Les prédateurs sont un autre aspect que les parents doivent garder en tête, surtout considérant le fait que les plaintes et signalements reçus par le Centre national contre l’exploitation des enfants a reçu 118 162 plaintes entre 2023 et 2024, soit 15% de plus que l’année d’avant.

Cette accessibilité-là à un «marché potentiel» pour les prédateurs est inquiétante et les jeunes ont beaucoup de mal à reconnaître les signes et se protéger de ça. Ça rend donc la vigie des parents primordiale.

Ariane Hébert rappelle de souvent vérifier qui sont leurs amis, s’ils les connaissent en vrai et qui ils autorisent sur leurs réseaux.

D’ailleurs, le rapport d’HabiloMédias avance que 62% des jeunes ont déjà parlé à une personne en ligne qu’ils n’ont jamais rencontrés en personne: une donnée qui confirme l’importance de monitorer de façon assidue.

La consommation et la surconsommation liée aux écrans

Selon les observations d’Ariane Hébert, l’exposition à des marques a un impact sur les jeunes et leur désir de consommer.

Évidemment, les produits vantés par telle ou telle influenceuse se retrouvent rapidement parmi les envies d’un ou d’une jeune.

Mais comment minimiser les impacts des écrans chez les jeunes, alors?

Ariane Hébert invite d’abord à respecter les normes d’exposition aux écrans et elle ajoute de ne pas se faire confiance et de ne pas faire confiance aux enfants.

Elle précise: «même avec les meilleures intentions, la meilleure volonté, on se fait prendre en tant qu’adulte, à trop consommer, à trop être là-dessus…

Donc même si on sent que c’est un jeune qui est mature, qui veut bien, cet encadrement parental est toujours nécessaire et de faire le screening du contenu consommé.

"À qui tu parles, quels sont les sites que tu consommes?" Et laisser l’ouverture pour venir en jaser.

Tout ça est beaucoup de communication et d’enseignement, plus de que du contrôle, mais il ne faut quand même pas délaisser le contrôle.»

Donc même si on sent que c’est un jeune qui est mature, cet encadrement parental est toujours nécessaire. Et de faire le screening du contenu consommé. - Ariane Hébert, psychologue

Les bons côtés: accès et protection

En contrepartie, les réseaux sociaux offrent aussi des aspects positifs aux jeunes. Pour les adolescents, ça peut être un outil de maintien du lien social.

Les réseaux sociaux peuvent faciliter la communication et le sentiment d'appartenance à un groupe.
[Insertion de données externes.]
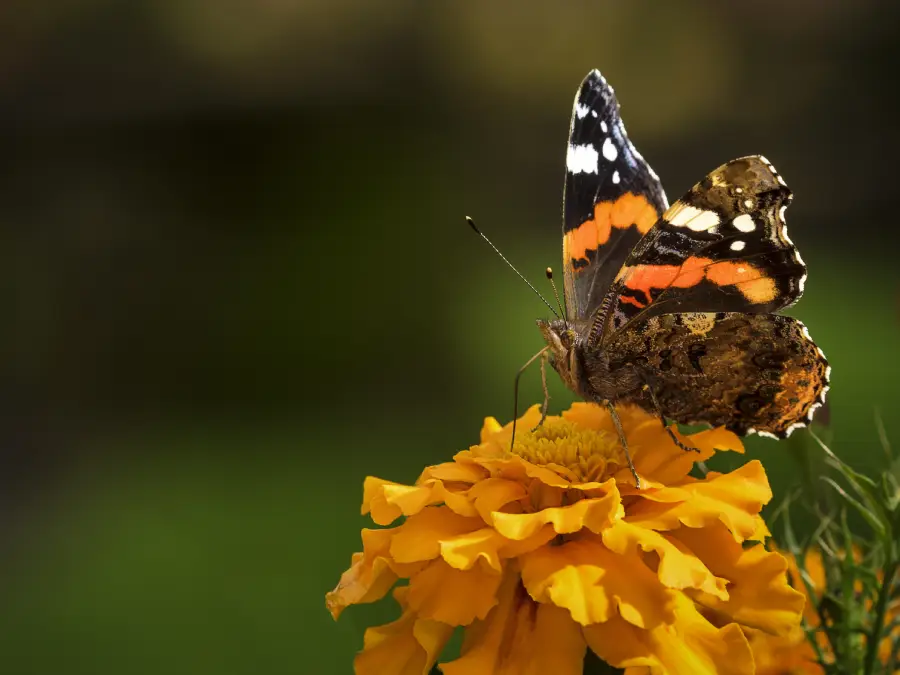 A close-up of a butterfly with orange, black, and white markings perched on a bright yellow marigold flower against a blurred green background.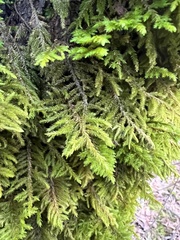 Dendroalsia abietina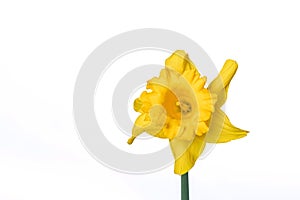 Narcissus isolated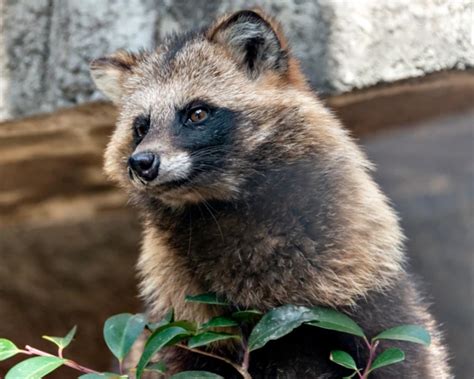 Tanuki Pet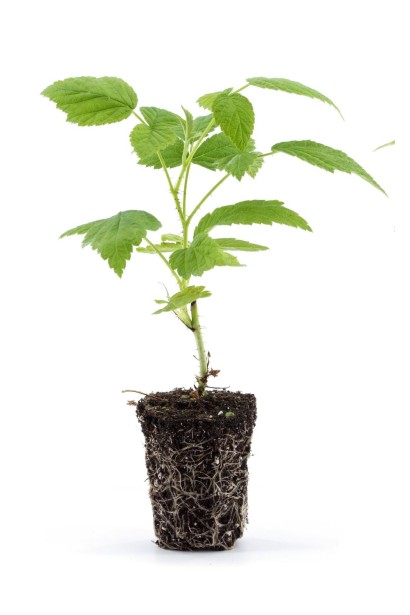 Малина Брусвяна жовта - саджанець Р9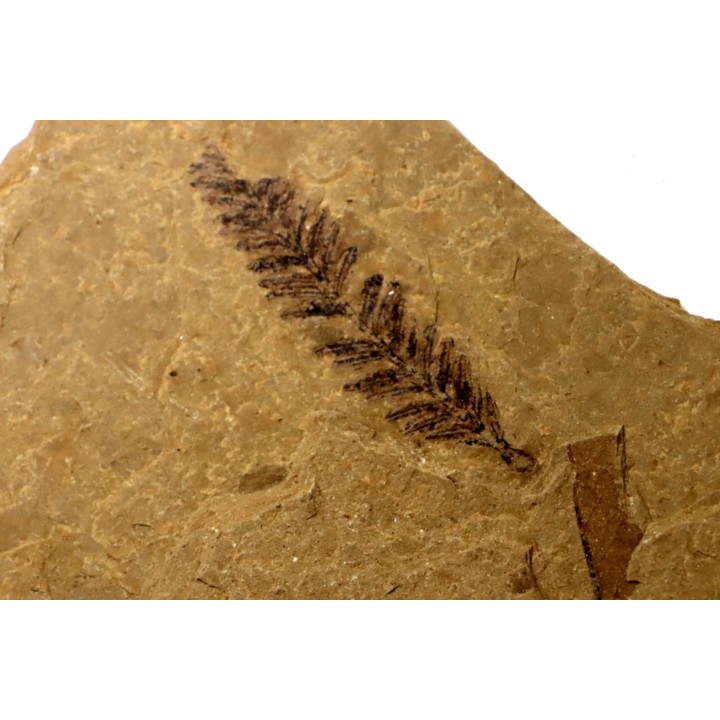 Metasequoia - Eocene - British Colombia - Canada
Ça permet par exemple d’aller rejoindre une communauté qui serait autrement inaccessible, par exemple liée à une maladie rare, à un passe-temps particulier, à une caractéristique précise moins présente dans la région du jeune.

Ça peut permettre de connecter et d’échanger, d’obtenir des conseils, même.

Les bons côtés: la notion de protection, mais encore...

Le téléphone permet dans un autre temps d’avoir accès aux jeunes lorsqu’ils ne sont pas à la maison. Mais Ariane Hébert émet toutefois un petit bémol, rappelant qu’il y a quelque chose d’insidieux dans la notion d’être toujours joignable et localisable.

Donc oui, pour la sécurité, mais il ne faut pas tomber dans la surprotection.

En conclusion, l'emprise des écrans et plus spécifiquement des réseaux sociaux sur la génération alpha est une réalité complexe qui nécessite une vigilance et un engagement parental actifs.

En comprenant les risques et les avantages, et en mettant en place un encadrement adapté, les parents peuvent aider leurs enfants à naviguer dans le monde numérique de manière plus saine et équilibrée.